Tuesday 9 July 2013

How to buy shares at a certain price

How to buy shares at a certain price 

To know what to do, when you do like the stock too expensive? Then read on. 
Because the stock market is just a "market", "stock performance can sometimes be associated with the performance of the disconnect between companies or businesses, for example, a company might have done good profitability and growth aspects, but due to the overall weak market, the stock market may be into the fall, perhaps due to a huge rally, your favorite company is a bit too expensive at the current price of the acquisition. how should you do if you know you want to have a number of companies, but stocks of these companies a little more price in your opinion it? 

From my perspective, you have three choices. I will briefly describe the first two go into more detail of the third, more complex strategies. 

In this case the first method is that you totally wait, be patient, and the purchase price down. Risk is that, of course, the price will not move down, you hold the stock will never end. Therefore, considering the second approach, which is to buy half or one third of the purchase of the position you want. This allows you to participate in the upside in the short term, but in the future the opportunity to purchase half or more to keep your powder dry. Both methods are very simple. 

At the price you want to buy stocks 
The third method is options trading. Now, before you stop reading, because the options are terrible, let me explain, this is a super-conservative strategy. If you know you want to have a stock, but only want to buy it at a lower price than it is currently trading, you can actually get paid to wait for a better price. Please allow me to explainâ

Sell ​​your favorite stock put option, you can earn a premium (cash), only to buy the stock, if it drops, the price you want to play. If there is no € ™ t dropped the price, it remains a premium. Does not make sense, right? 
So, what is the risk? The only risk is that if the stock fell far below the price you want (the exercise price), you are still committed to the agreed price may be higher than the transaction price, which is re-purchase it when you need to buy. However, if you plan to own stock anyway, this is still a better solution than it is today at a higher price to buy. 

A simple example 
As options can be confusing to new investors, let's look at a simple example. Leta € ™ s say you want to have the number of shares literati Life (symbol: TDL). The current share price of $ 50 per share, in your opinion, a bit too high. 

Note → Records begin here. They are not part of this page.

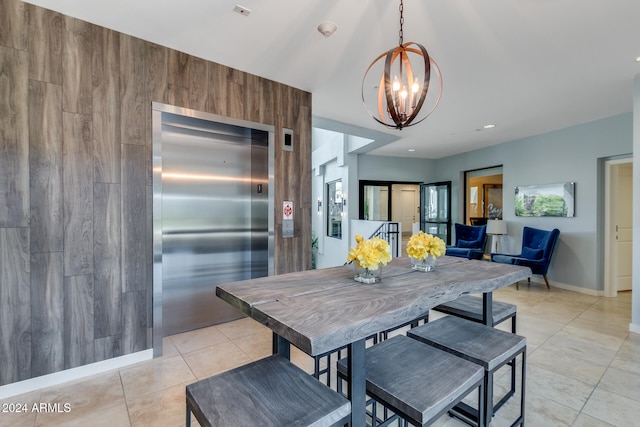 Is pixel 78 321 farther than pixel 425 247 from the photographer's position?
Yes

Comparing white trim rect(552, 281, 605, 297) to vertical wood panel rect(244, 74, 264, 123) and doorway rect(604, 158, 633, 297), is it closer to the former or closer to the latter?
doorway rect(604, 158, 633, 297)

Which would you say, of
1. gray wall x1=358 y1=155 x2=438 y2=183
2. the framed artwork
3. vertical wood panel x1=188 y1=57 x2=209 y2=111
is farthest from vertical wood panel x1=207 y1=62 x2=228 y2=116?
the framed artwork

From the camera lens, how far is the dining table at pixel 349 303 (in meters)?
1.07

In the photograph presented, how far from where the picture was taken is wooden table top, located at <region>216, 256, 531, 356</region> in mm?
1063

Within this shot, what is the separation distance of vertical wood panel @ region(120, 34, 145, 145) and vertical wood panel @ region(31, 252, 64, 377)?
1.09 meters

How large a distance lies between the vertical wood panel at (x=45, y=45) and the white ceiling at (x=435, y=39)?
0.08 meters

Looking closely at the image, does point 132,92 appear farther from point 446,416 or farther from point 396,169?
point 396,169

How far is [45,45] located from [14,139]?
2.42 ft

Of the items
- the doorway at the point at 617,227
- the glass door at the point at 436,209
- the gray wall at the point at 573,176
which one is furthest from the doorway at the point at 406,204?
the doorway at the point at 617,227

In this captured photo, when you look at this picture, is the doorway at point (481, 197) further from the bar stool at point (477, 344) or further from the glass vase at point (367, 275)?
the glass vase at point (367, 275)

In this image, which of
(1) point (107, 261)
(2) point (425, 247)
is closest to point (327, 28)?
(2) point (425, 247)

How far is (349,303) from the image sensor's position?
130 cm

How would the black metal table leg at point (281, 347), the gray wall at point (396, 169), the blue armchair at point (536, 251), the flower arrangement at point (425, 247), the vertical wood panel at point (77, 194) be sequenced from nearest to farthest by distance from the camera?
the black metal table leg at point (281, 347), the flower arrangement at point (425, 247), the vertical wood panel at point (77, 194), the blue armchair at point (536, 251), the gray wall at point (396, 169)

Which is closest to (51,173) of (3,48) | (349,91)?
(3,48) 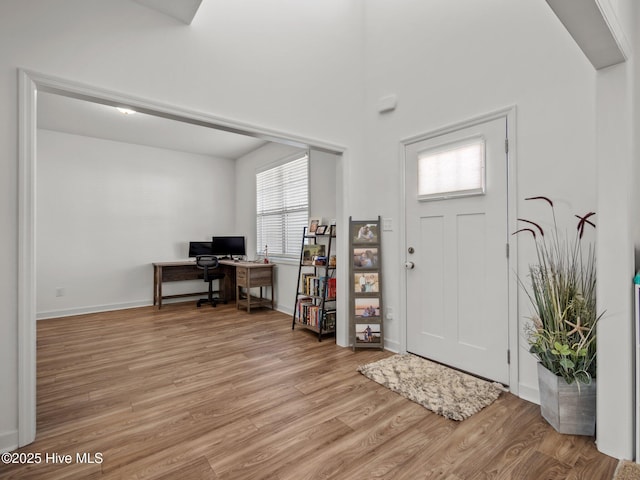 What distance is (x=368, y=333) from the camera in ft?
10.6

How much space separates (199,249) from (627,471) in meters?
5.81

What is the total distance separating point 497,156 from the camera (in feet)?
7.92

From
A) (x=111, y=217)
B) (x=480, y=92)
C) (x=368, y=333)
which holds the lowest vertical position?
(x=368, y=333)

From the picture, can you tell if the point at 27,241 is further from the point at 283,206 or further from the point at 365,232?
the point at 283,206

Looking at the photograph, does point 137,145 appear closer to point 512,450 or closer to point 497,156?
A: point 497,156

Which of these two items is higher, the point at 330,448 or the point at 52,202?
the point at 52,202

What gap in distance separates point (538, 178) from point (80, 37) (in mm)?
3165

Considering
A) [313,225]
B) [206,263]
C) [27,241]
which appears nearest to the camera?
[27,241]

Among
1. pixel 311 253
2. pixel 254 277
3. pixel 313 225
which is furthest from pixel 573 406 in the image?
pixel 254 277

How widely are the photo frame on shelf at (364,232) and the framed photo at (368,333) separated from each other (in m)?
0.88

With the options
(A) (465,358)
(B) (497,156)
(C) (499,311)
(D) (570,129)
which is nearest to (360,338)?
(A) (465,358)

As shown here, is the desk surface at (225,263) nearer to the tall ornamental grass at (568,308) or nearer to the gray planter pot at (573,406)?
the tall ornamental grass at (568,308)

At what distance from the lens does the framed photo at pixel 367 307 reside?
10.7 feet

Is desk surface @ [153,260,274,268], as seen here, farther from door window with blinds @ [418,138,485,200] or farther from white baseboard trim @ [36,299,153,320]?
door window with blinds @ [418,138,485,200] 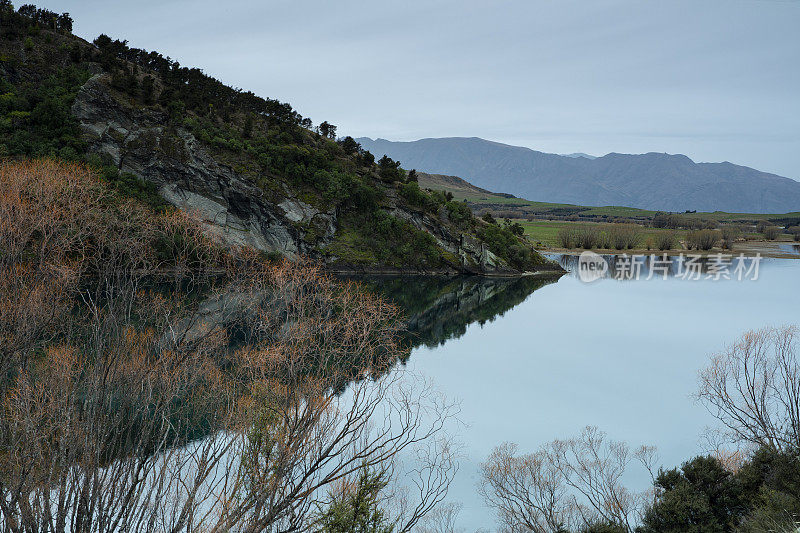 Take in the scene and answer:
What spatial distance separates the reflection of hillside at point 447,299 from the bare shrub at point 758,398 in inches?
966

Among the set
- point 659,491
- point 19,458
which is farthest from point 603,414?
point 19,458

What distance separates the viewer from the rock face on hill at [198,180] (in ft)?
244

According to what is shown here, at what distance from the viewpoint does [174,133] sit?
8031 centimetres

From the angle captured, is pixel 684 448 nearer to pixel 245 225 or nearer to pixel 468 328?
pixel 468 328

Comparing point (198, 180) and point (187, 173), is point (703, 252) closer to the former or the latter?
point (198, 180)

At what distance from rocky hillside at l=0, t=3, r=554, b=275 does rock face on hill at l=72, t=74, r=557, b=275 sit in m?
0.18

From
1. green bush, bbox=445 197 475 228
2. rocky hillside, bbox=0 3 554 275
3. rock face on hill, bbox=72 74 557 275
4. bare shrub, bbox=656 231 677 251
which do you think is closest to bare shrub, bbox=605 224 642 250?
bare shrub, bbox=656 231 677 251

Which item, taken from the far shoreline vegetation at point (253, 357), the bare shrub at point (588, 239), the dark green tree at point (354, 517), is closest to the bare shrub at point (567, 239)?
the bare shrub at point (588, 239)

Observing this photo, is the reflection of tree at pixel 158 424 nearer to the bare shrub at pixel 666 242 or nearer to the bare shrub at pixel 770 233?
the bare shrub at pixel 666 242

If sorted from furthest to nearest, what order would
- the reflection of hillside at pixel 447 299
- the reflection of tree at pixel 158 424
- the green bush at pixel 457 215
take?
the green bush at pixel 457 215 → the reflection of hillside at pixel 447 299 → the reflection of tree at pixel 158 424

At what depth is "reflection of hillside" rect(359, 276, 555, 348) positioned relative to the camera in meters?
55.5

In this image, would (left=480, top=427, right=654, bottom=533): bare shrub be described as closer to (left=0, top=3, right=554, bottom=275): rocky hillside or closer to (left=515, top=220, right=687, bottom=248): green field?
(left=0, top=3, right=554, bottom=275): rocky hillside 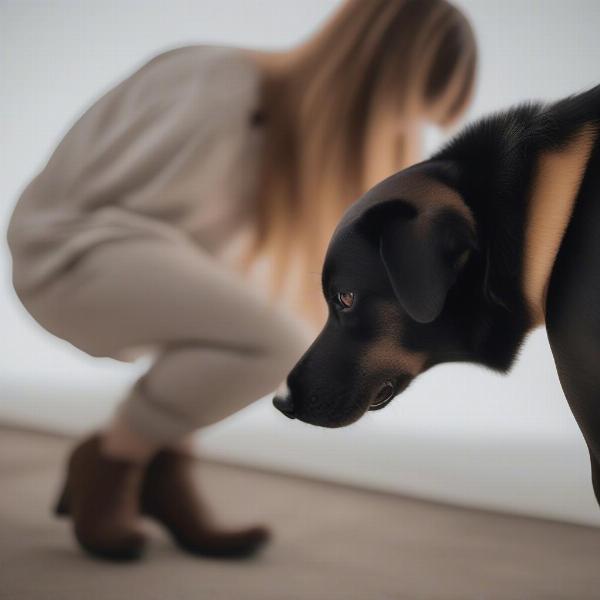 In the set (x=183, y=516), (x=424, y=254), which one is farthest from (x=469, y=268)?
(x=183, y=516)

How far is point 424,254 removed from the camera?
0.76m

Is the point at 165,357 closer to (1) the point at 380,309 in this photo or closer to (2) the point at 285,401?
(2) the point at 285,401

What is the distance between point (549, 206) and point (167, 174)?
2.57 feet

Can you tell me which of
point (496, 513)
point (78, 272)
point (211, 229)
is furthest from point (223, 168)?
point (496, 513)

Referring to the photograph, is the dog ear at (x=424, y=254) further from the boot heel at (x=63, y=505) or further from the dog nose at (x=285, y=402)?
the boot heel at (x=63, y=505)

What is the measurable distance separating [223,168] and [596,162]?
754 mm

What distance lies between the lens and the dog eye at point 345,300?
82cm

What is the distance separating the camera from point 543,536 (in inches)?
50.1

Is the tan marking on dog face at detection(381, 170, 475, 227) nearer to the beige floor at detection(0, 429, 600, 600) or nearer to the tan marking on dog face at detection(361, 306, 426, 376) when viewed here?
the tan marking on dog face at detection(361, 306, 426, 376)

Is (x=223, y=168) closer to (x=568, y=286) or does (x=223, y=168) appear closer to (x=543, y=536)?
(x=568, y=286)

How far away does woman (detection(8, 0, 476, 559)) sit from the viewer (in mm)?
1250

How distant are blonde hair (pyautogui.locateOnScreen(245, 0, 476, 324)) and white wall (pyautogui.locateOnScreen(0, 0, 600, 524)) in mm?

You decide to sell the put option (1 contract = 100 shares), $ 1.00 each at an exercise price $ 40. Option expires one year from now. You pocket $ 100, now obliged to purchase TDL decline, hitting $ 40. 

The following results are possible: 
If TDL staying more than $ 40, the option expires worthless, you keep $ 100 
If TDL falls below $ 40, You are obliged to buy 100 shares, you will still remain $ 100. This is still an acceptable result, because you now have in stock, you want to own in the first place (in a better entry point). As I mentioned above, the only risk is that you need $ 40 to buy the stock, there is a chance, TDL may be less than the $ 40 deal. 

Through the sale of put options, you earn cash rewards, you're going to buy stocks and wait for the stock market closer to a better price. 

The important thing to remember this strategy 
You need to have cash in your account, you are obliged to purchase the shares of the exercise price. If you are obliged to buy 100 shares at an exercise price $ 40, please make sure you have $ 4,000 cash discount broker account. 

Implementation of this strategy, if you are absolutely sure that you want to have such a company's shares. There is a very real exercise price of the stock will reach, you will be forced to buy shares opportunities. 

Finally, although this is a conservative investment strategy, options trading involves risk. Make sure you do a lot of research, and have a complete understanding of the method before execution.